The records =
┄┄┄┄┄┄

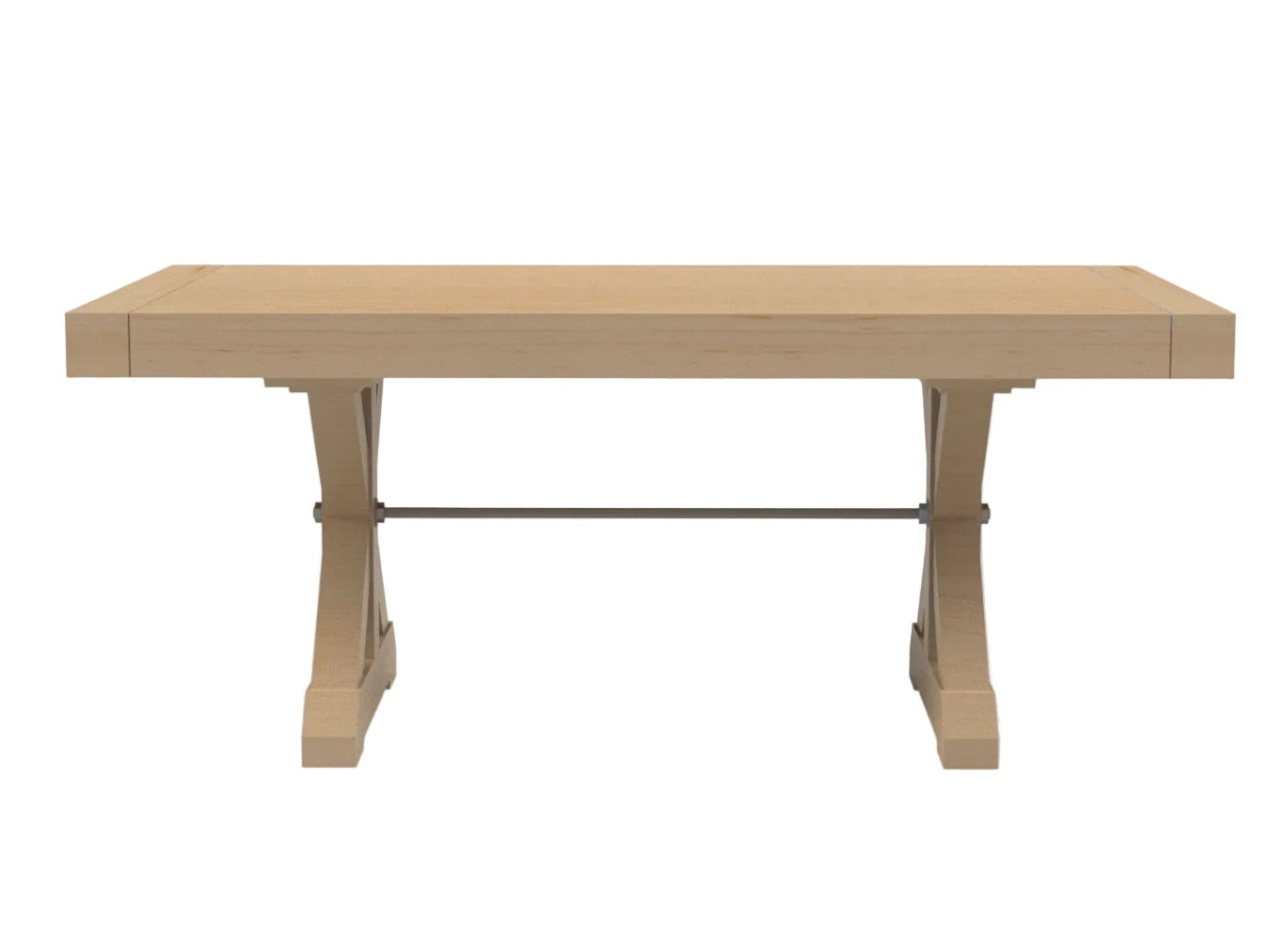 Mitered Dining Table with Farmhouse X-Base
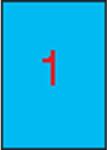 APLI Etikett, 210x297 mm, színes, APLI, kék, 100 etikett/csomag (LCA11839)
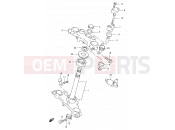 SUZUKI DF125E Y (2000) 41 - STEERING STEM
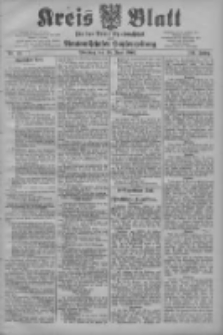 Kreis Blatt f&uuml;r den Kreis Neutomischeler zugleich Hopfenzeitung 1907.06.18 Jg.26 Nr49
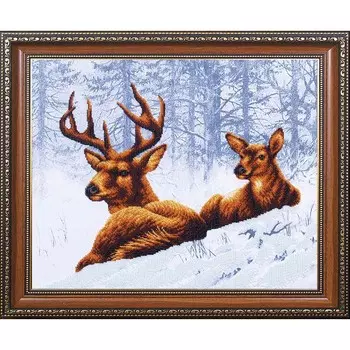 Б-255 Набор для вышивания бисером 'Магия канвы' 'Благородные олени', 49х29 см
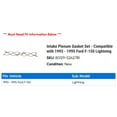 thumbnail image 2 of Intake Plenum Gasket Set - Compatible with 1993 - 1995 Ford F-150 Lightning 1994, 2 of 2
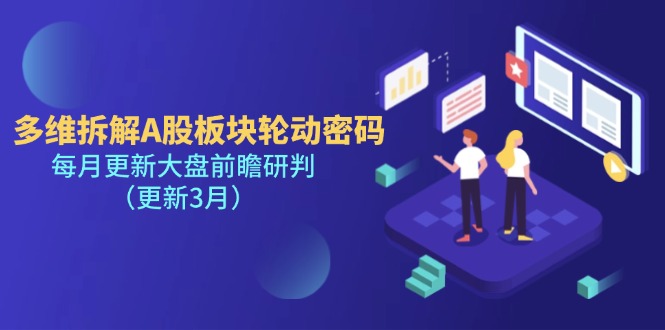 （14213期）多维拆解A股板块轮动密码，每月更新大盘前瞻研判（更新3月）-全有网创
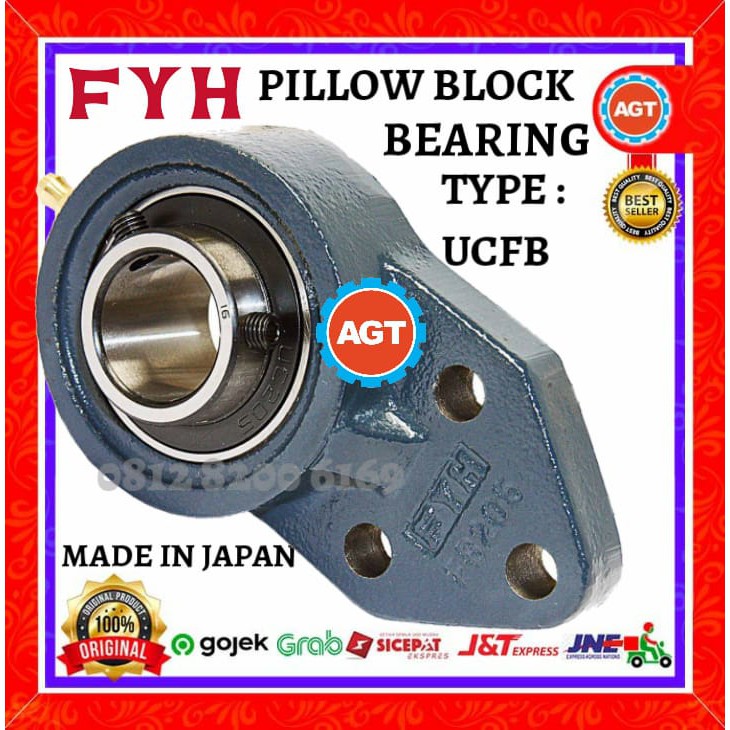 Jual Ucfb 205 Fyh Pillow Block Bearing Max Bore 25mm Shopee Indonesia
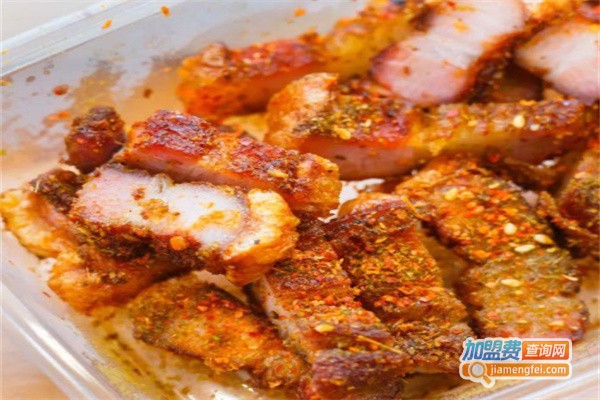 网红脆皮五花肉加盟费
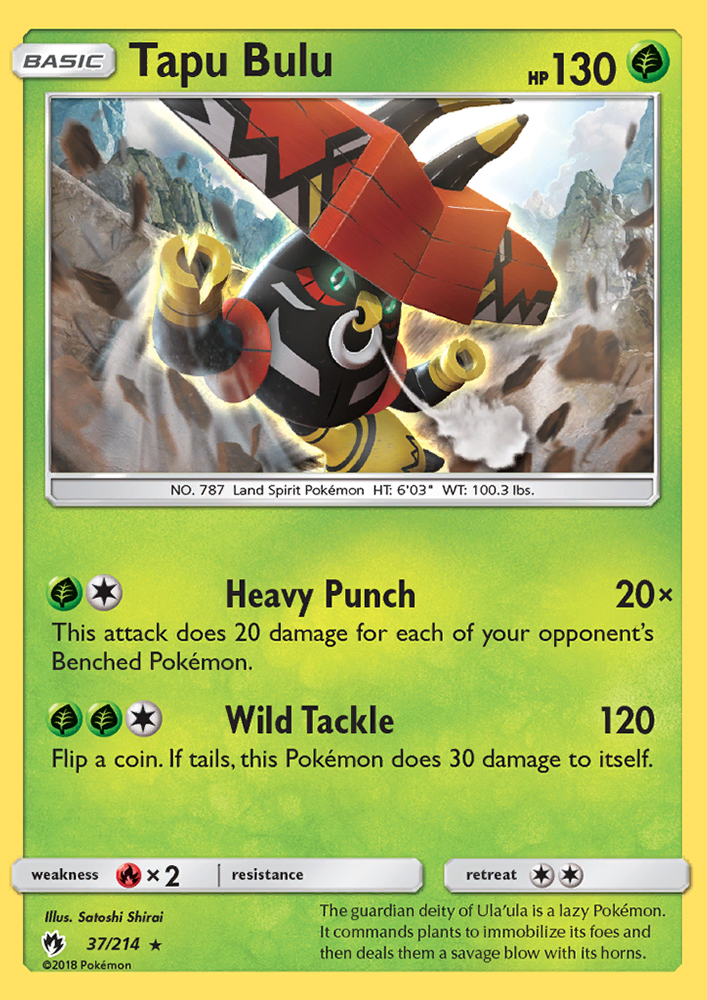 Tapu Bulu - Pokémon TCG Card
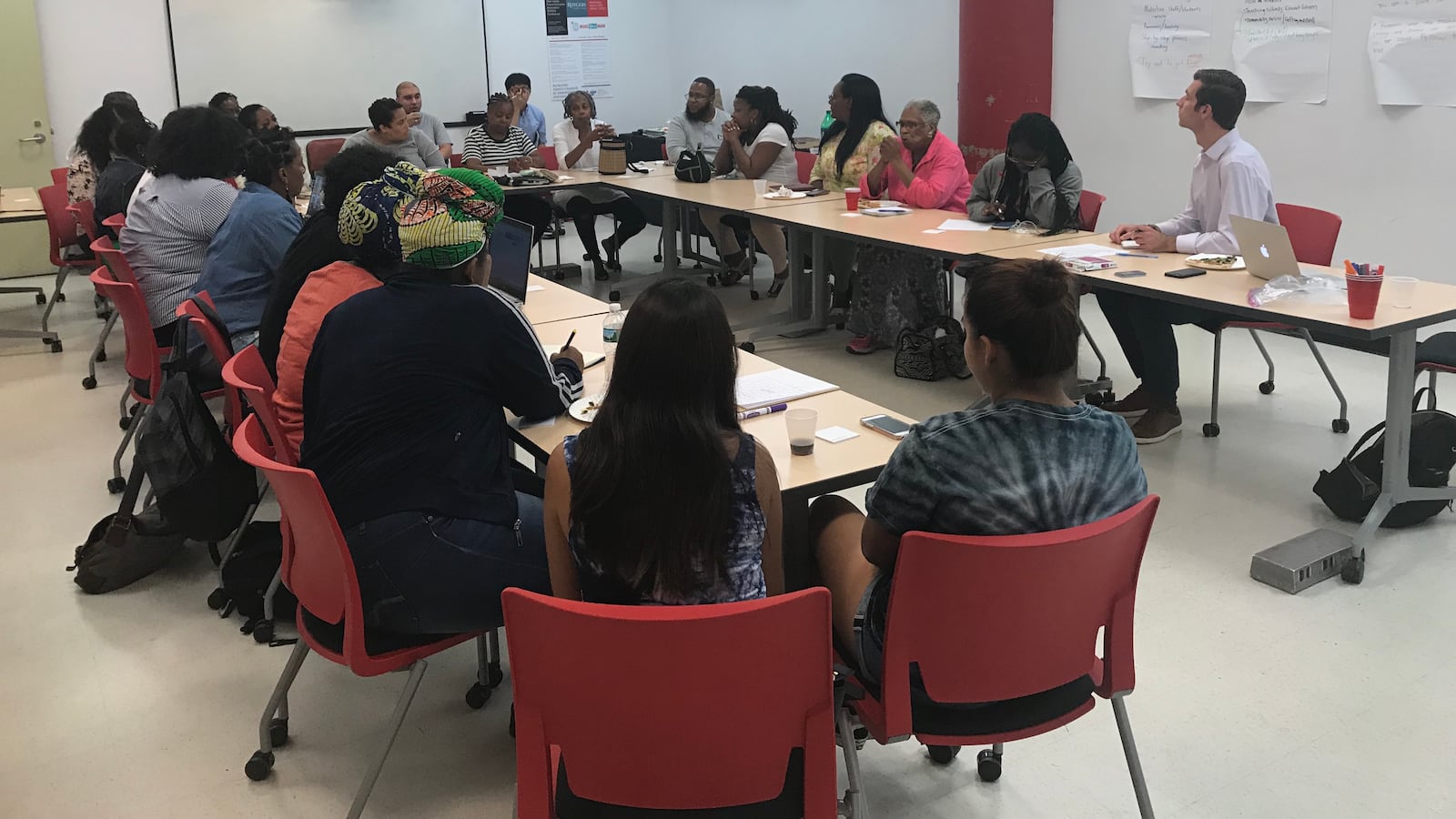 A Chalkbeat Newark focus group in 2018. The nonprofit news organization will add a new reporter in June.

┄┄┄┄┄┄

What is required = Would you return the entries verbatim, minus any images?

Reply to the exercise =
 Mitered Dining Table with Farmhouse X-Base
 APLI Etikett, 210x297 mm, színes, APLI, kék, 100 etikett/csomag (LCA11839)
 SUZUKI DF125E Y (2000) 41 - STEERING STEM
 Kreis Blatt f&uuml;r den Kreis Neutomischeler zugleich Hopfenzeitung 1907.06.18 Jg.26 Nr49
 Б-255 Набор для вышивания бисером 'Магия канвы' 'Благородные олени', 49х29 см
 thumbnail image 2 of Intake Plenum Gasket Set - Compatible with 1993 - 1995 Ford F-150 Lightning 1994, 2 of 2
 （14213期）多维拆解A股板块轮动密码，每月更新大盘前瞻研判（更新3月）-全有网创
 Jual Ucfb 205 Fyh Pillow Block Bearing Max Bore 25mm Shopee Indonesia
 网红脆皮五花肉加盟费
 Tapu Bulu - Pokémon TCG Card
 A Chalkbeat Newark focus group in 2018. The nonprofit news organization will add a new reporter in June.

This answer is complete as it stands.